Handywasserschaden aus Versicherersicht Eigenverschulden

Auch mit der Erstattung durch die Privathaftpflichtversicherung solltest Du nicht rechnen. Zum einen übernimmt die Haftpflichtversicherung ohnehin nur Schäden, die durch Dritte entstanden sind, zum anderen überlegt man es sich in der Regel zwei Mal die Versicherung einzuschalten, denn mit jedem gemeldeten und erstatteten Schadenfall steigt die Tarifprämie. Ob es sich tatsächlich lohnt wegen einem Handy Wasserschaden die Schadenfreiheitsklasse zu riskieren sei mal dahingestellt.

Wer davon ausgeht im Falle eines Wasserschadens von der Hausrat- oder Privathaftpflichtversicherung Gebrauch zu machen, der irrt gewaltig.

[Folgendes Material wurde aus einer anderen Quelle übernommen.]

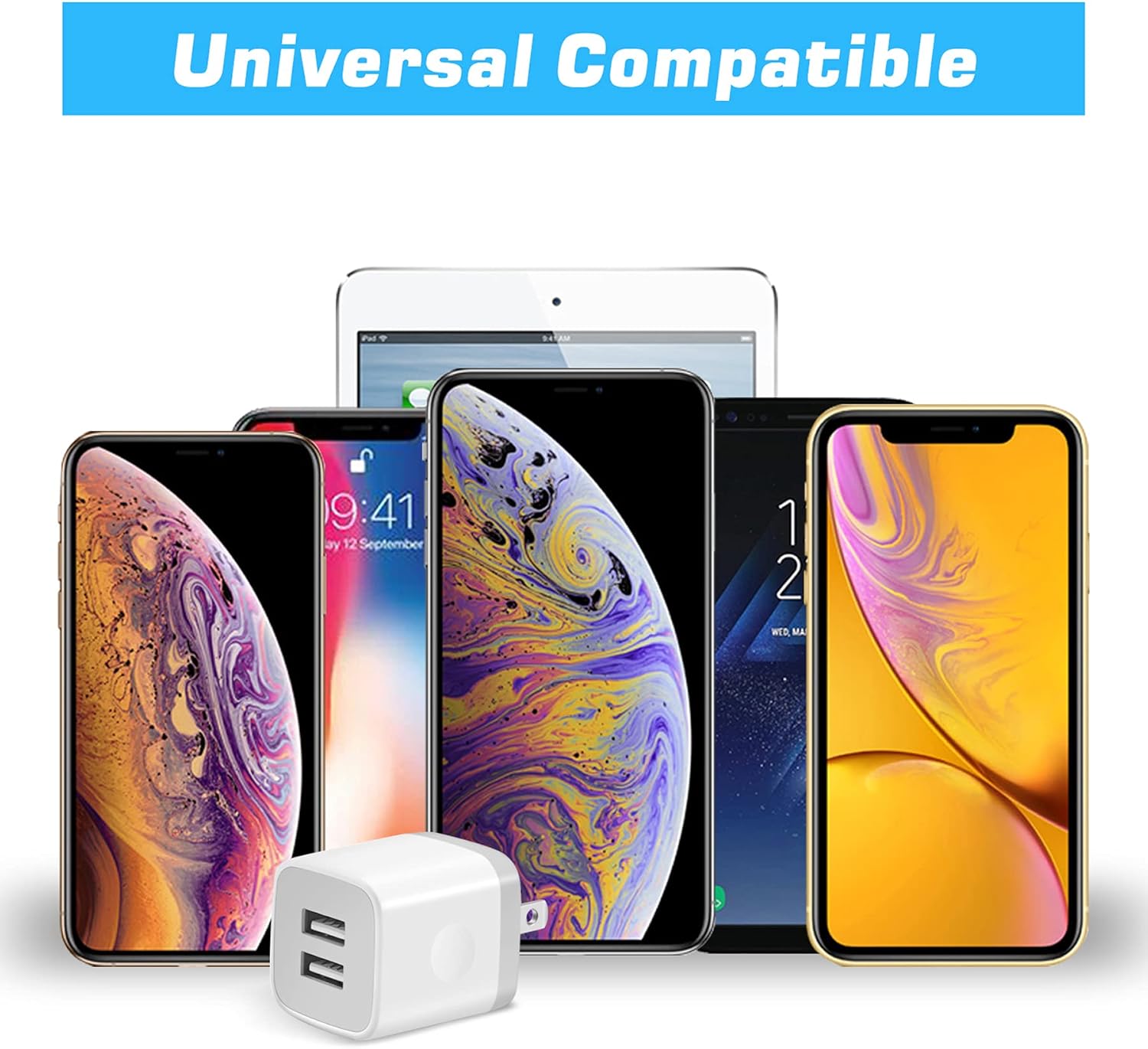 X-EDITION USB Wall Charger,4-Pack 2.1A Dual Port USB Cube Power Adapter Wall Charger Plug Charging Block Cube for Phone 8/7/6 Plus/X, Pad, Samsung Galaxy S5 S6 S7 Edge,LG, Android (White) : Cell Phones & Accessories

Eine Smartphoneversicherung hingegen sichert genau diese Fälle, inklusive Eigenverschulden ab, ohne dass bei einer Schadensmeldung der Beitrag steigt oder ähnliches. Außerdem sind bei dieser Versicherung neben Wasserschaden auch Sturz- und Bruchschäden sowie Bedienungsfehler und teilweise sogar Diebstahl abgesichert.

Reparatur nach Handy Wasserschaden? Ohne Erfahrung kann es abenteuerlich werden…

Du merkst also schon: eine Reparatur auf eigene Faust nach einem Handy Wasserschaden kann ziemlich riskant und zeitaufwendig sein. Viel einfacher wäre es daher doch, das Gerät in vertrauenswürdige Hände zu geben und am Ende des Tages ein einwandfreies Smartphone zurück zu bekommen. Und das geht natürlich auch. Viele kleine Händler bieten Reparaturservices für Defekte an – ob diese dann wirklich empfehlenswert sind, sei jedoch dahingestellt. In jedem Fall kann man großen Einzelhandelsketten und Herstellern vertrauen – diese kosten dann aber auch mehr. Im Internet kann man den Wasserschaden für 20 € – 100 € reparieren lassen. Für 20 € gibt es allerdings nur das defekte und irreparable Gerät zurück. Denn ja, auch erfolglose Reparaturen möchten bezahlt werden.

*bei einem Gerätepreis zwischen 350 und 999 €

Pärchen im Meer mit Handy im Selfiestick: Rundum-Sorglos-Schutz schon ab 9,99 € pro Monat

Ist es sinnvoll selbst Erste-Hilfe-Maßnahmen durchzuführen?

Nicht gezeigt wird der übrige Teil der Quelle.